ACTIVITY: Transcribe the records in full, keeping every character as it is.

GIVEN ENTRIES:
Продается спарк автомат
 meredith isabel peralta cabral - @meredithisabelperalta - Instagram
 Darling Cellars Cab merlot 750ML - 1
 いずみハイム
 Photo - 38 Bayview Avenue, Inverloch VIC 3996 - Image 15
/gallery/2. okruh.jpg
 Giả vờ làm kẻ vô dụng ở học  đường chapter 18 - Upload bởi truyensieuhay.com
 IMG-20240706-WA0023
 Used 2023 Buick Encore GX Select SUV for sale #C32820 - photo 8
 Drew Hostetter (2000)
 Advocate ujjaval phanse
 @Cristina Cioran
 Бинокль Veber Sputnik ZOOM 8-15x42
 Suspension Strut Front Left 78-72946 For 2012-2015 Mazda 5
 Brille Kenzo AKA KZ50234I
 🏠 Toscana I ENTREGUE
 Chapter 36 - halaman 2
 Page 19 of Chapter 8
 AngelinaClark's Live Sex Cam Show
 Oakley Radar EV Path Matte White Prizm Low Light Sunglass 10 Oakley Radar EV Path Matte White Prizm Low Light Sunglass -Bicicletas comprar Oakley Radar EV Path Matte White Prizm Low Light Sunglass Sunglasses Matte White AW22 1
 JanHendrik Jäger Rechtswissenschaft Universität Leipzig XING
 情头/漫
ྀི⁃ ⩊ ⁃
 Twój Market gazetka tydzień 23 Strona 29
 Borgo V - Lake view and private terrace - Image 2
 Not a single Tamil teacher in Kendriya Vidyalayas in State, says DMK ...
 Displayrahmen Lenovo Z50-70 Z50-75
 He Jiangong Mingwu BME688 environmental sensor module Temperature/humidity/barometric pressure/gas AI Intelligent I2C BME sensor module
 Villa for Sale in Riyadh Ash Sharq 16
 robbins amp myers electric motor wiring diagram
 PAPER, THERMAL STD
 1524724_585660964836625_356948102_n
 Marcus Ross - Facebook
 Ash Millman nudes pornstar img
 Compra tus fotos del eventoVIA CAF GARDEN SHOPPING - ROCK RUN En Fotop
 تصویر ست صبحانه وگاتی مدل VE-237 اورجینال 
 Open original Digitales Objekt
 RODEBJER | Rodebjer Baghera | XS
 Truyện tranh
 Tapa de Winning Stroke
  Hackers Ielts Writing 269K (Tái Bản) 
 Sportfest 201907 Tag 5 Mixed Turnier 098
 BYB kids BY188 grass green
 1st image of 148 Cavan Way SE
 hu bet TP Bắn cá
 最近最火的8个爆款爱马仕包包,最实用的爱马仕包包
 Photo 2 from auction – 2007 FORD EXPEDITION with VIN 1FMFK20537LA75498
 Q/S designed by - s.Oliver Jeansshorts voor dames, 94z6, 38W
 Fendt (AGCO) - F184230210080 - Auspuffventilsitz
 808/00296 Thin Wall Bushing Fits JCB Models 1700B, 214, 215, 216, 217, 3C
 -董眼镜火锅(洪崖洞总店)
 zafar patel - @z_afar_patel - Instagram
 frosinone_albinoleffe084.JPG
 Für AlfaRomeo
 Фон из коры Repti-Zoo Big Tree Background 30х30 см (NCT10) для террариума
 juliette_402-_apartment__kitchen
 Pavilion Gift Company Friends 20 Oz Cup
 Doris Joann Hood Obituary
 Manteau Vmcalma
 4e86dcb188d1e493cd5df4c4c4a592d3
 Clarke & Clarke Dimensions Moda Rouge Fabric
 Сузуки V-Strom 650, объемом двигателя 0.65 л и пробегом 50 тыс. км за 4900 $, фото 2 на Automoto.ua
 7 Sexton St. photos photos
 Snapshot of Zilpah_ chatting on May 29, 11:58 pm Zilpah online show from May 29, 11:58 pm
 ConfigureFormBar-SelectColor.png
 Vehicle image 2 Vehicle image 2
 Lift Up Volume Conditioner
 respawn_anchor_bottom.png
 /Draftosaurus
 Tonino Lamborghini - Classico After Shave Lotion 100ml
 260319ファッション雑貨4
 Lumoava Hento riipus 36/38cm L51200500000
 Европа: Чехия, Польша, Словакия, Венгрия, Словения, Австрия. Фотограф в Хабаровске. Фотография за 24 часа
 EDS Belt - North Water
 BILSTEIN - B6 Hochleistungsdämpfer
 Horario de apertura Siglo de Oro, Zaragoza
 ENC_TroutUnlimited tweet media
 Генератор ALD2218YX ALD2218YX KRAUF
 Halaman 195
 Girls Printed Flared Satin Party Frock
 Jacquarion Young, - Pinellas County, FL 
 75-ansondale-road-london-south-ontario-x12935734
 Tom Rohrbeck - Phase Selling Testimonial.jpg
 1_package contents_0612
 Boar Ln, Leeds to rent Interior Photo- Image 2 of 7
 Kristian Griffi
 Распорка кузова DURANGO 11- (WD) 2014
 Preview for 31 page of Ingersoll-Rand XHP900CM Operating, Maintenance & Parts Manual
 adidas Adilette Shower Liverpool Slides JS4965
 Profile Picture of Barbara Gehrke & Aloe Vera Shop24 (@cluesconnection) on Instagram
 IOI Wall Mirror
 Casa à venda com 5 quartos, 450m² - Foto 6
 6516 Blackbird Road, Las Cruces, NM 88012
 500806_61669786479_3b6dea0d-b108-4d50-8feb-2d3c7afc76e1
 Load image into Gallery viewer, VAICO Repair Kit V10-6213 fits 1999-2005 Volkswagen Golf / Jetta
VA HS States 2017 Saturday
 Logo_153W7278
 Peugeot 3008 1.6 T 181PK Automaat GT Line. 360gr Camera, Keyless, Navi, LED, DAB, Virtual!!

ANSWER BOX:
Продается спарк автомат
 meredith isabel peralta cabral - @meredithisabelperalta - Instagram
 Darling Cellars Cab merlot 750ML - 1
 いずみハイム
 Photo - 38 Bayview Avenue, Inverloch VIC 3996 - Image 15
/gallery/2. okruh.jpg
 Giả vờ làm kẻ vô dụng ở học  đường chapter 18 - Upload bởi truyensieuhay.com
 IMG-20240706-WA0023
 Used 2023 Buick Encore GX Select SUV for sale #C32820 - photo 8
 Drew Hostetter (2000)
 Advocate ujjaval phanse
 @Cristina Cioran
 Бинокль Veber Sputnik ZOOM 8-15x42
 Suspension Strut Front Left 78-72946 For 2012-2015 Mazda 5
 Brille Kenzo AKA KZ50234I
 🏠 Toscana I ENTREGUE
 Chapter 36 - halaman 2
 Page 19 of Chapter 8
 AngelinaClark's Live Sex Cam Show
 Oakley Radar EV Path Matte White Prizm Low Light Sunglass 10 Oakley Radar EV Path Matte White Prizm Low Light Sunglass -Bicicletas comprar Oakley Radar EV Path Matte White Prizm Low Light Sunglass Sunglasses Matte White AW22 1
 JanHendrik Jäger Rechtswissenschaft Universität Leipzig XING
 情头/漫
ྀི⁃ ⩊ ⁃
 Twój Market gazetka tydzień 23 Strona 29
 Borgo V - Lake view and private terrace - Image 2
 Not a single Tamil teacher in Kendriya Vidyalayas in State, says DMK ...
 Displayrahmen Lenovo Z50-70 Z50-75
 He Jiangong Mingwu BME688 environmental sensor module Temperature/humidity/barometric pressure/gas AI Intelligent I2C BME sensor module
 Villa for Sale in Riyadh Ash Sharq 16
 robbins amp myers electric motor wiring diagram
 PAPER, THERMAL STD
 1524724_585660964836625_356948102_n
 Marcus Ross - Facebook
 Ash Millman nudes pornstar img
 Compra tus fotos del eventoVIA CAF GARDEN SHOPPING - ROCK RUN En Fotop
 تصویر ست صبحانه وگاتی مدل VE-237 اورجینال 
 Open original Digitales Objekt
 RODEBJER | Rodebjer Baghera | XS
 Truyện tranh
 Tapa de Winning Stroke
  Hackers Ielts Writing 269K (Tái Bản) 
 Sportfest 201907 Tag 5 Mixed Turnier 098
 BYB kids BY188 grass green
 1st image of 148 Cavan Way SE
 hu bet TP Bắn cá
 最近最火的8个爆款爱马仕包包,最实用的爱马仕包包
 Photo 2 from auction – 2007 FORD EXPEDITION with VIN 1FMFK20537LA75498
 Q/S designed by - s.Oliver Jeansshorts voor dames, 94z6, 38W
 Fendt (AGCO) - F184230210080 - Auspuffventilsitz
 808/00296 Thin Wall Bushing Fits JCB Models 1700B, 214, 215, 216, 217, 3C
 -董眼镜火锅(洪崖洞总店)
 zafar patel - @z_afar_patel - Instagram
 frosinone_albinoleffe084.JPG
 Für AlfaRomeo
 Фон из коры Repti-Zoo Big Tree Background 30х30 см (NCT10) для террариума
 juliette_402-_apartment__kitchen
 Pavilion Gift Company Friends 20 Oz Cup
 Doris Joann Hood Obituary
 Manteau Vmcalma
 4e86dcb188d1e493cd5df4c4c4a592d3
 Clarke & Clarke Dimensions Moda Rouge Fabric
 Сузуки V-Strom 650, объемом двигателя 0.65 л и пробегом 50 тыс. км за 4900 $, фото 2 на Automoto.ua
 7 Sexton St. photos photos
 Snapshot of Zilpah_ chatting on May 29, 11:58 pm Zilpah online show from May 29, 11:58 pm
 ConfigureFormBar-SelectColor.png
 Vehicle image 2 Vehicle image 2
 Lift Up Volume Conditioner
 respawn_anchor_bottom.png
 /Draftosaurus
 Tonino Lamborghini - Classico After Shave Lotion 100ml
 260319ファッション雑貨4
 Lumoava Hento riipus 36/38cm L51200500000
 Европа: Чехия, Польша, Словакия, Венгрия, Словения, Австрия. Фотограф в Хабаровске. Фотография за 24 часа
 EDS Belt - North Water
 BILSTEIN - B6 Hochleistungsdämpfer
 Horario de apertura Siglo de Oro, Zaragoza
 ENC_TroutUnlimited tweet media
 Генератор ALD2218YX ALD2218YX KRAUF
 Halaman 195
 Girls Printed Flared Satin Party Frock
 Jacquarion Young, - Pinellas County, FL 
 75-ansondale-road-london-south-ontario-x12935734
 Tom Rohrbeck - Phase Selling Testimonial.jpg
 1_package contents_0612
 Boar Ln, Leeds to rent Interior Photo- Image 2 of 7
 Kristian Griffi
 Распорка кузова DURANGO 11- (WD) 2014
 Preview for 31 page of Ingersoll-Rand XHP900CM Operating, Maintenance & Parts Manual
 adidas Adilette Shower Liverpool Slides JS4965
 Profile Picture of Barbara Gehrke & Aloe Vera Shop24 (@cluesconnection) on Instagram
 IOI Wall Mirror
 Casa à venda com 5 quartos, 450m² - Foto 6
 6516 Blackbird Road, Las Cruces, NM 88012
 500806_61669786479_3b6dea0d-b108-4d50-8feb-2d3c7afc76e1
 Load image into Gallery viewer, VAICO Repair Kit V10-6213 fits 1999-2005 Volkswagen Golf / Jetta
VA HS States 2017 Saturday
 Logo_153W7278
 Peugeot 3008 1.6 T 181PK Automaat GT Line. 360gr Camera, Keyless, Navi, LED, DAB, Virtual!!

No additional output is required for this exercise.